But to go into a bit more detail, we first clean the doors with lacquer thinner and lots of fresh rags to get the majority of the junk off. Then the doors are sanded with 180 grit 3M paper to remove some of the film. Then comes the toulene. I'm not sure why toulene works better than the other solvents but it does. We fold our rags and clean each section of the doors with a fresh side, using lots of solvent. We'll easily go though a whole box with the toulene cleaning. Then we sand again with 320, and follow that with another cleaning using MEK because it evaporates fast, and will show any residual oils and grease that may be left behind. Follow this up with a quick acetone wipe, a final 320 sand and then start with the basecoats (vinyl sealer for an extra layer of protection).

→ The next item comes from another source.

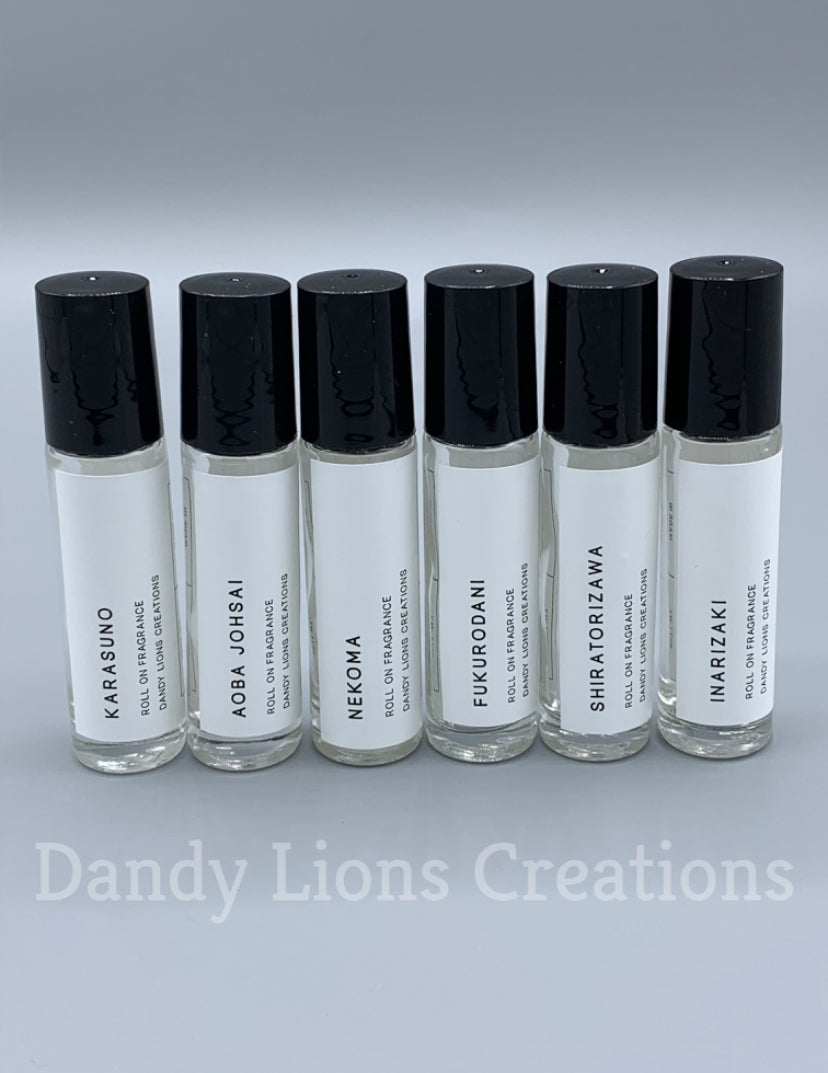Fly High Volleyball roll on fragrance collection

The rest is just lots more sanding and topcoating with at least 2 coats of pigmented lacquer. 

Better?


----------



## straight_lines (Oct 17, 2007)

That is a lot of work for $350. :icon_smile:


----------



## ReNt A PaInTeR (Dec 28, 2008)

Rcon said:


> Aww cmon :jester:
> 
> In a sense, wax on wax off is exactly what we do.
> 
> ...


:lol:


----------



## Dunbar Painting (Mar 19, 2010)

super amazing, and meticulous prep work and masking... definitely in aww.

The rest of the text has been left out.